Previous study had pushed back on perceptions of ‘left-wing McCarthyism’

Nearly 20 years ago, Smith College student Erin Dow conducted a study about students’ views concerning free speech. She found that students who identified as “strongly liberal” were more tolerant of free speech than students as a whole.

Many years later, student Julie Voorhes and government professor Marc Lendler conducted a follow-up study as part of Voorhes’ senior thesis at the women’s college.

It asked students similar questions, and found that students identifying as strongly liberal were becoming far less tolerant of free speech.

Their resulting paper was published in September. Voorhes and Lendler went into the study “under the assumption that we would observe increased skepticism towards free speech rights” but were surprised at the “magnitude of the changes we observed,” Voorhes wrote for Heterodox Academy last week.

[Editor’s note: The full study may require the creation of an account to view.]

Dow’s study, published in 2002, pushed back on the notion that “left-wing McCarthyism” existed on the part of strongly liberal students.
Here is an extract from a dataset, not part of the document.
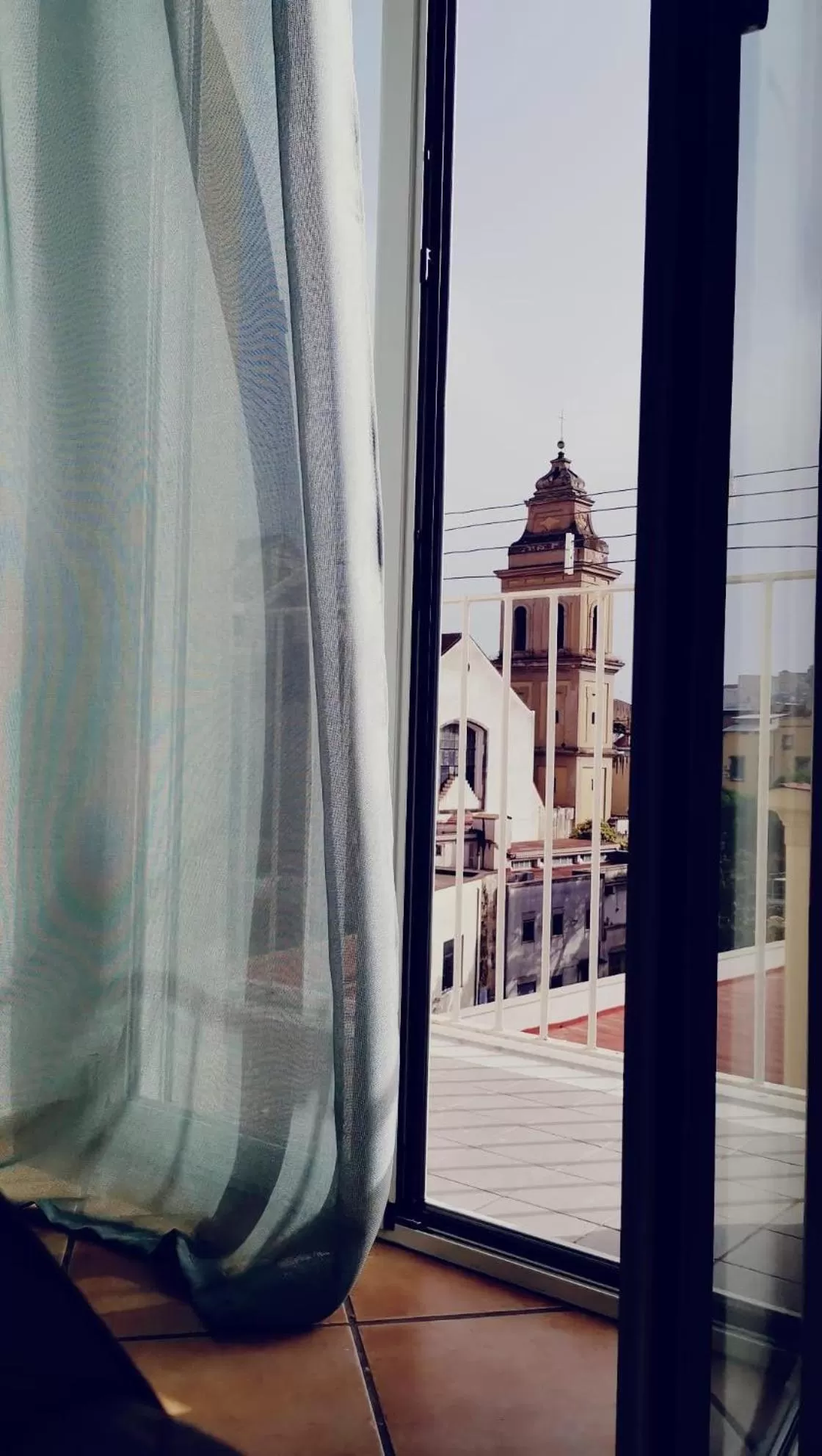 Nearby landmark in Casa Ruben Appartament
The new study, started in 2016, reached a much different conclusion.

As Voorhes and Lendler explain in their study, Dow found that “there are mixed views about speech rights, but that it was emphatically not true that the more liberal students were, the more they supported censorship of right wing speech.”

The 2016 study, by contrast, found “a sharp decline in the priority Smith students give to free expression in relation to ‘social justice’ concerns, and an escalated skepticism about speech rights among those who describe themselves as ‘strong’ liberals,” Voorhes wrote for Heterodox Academy.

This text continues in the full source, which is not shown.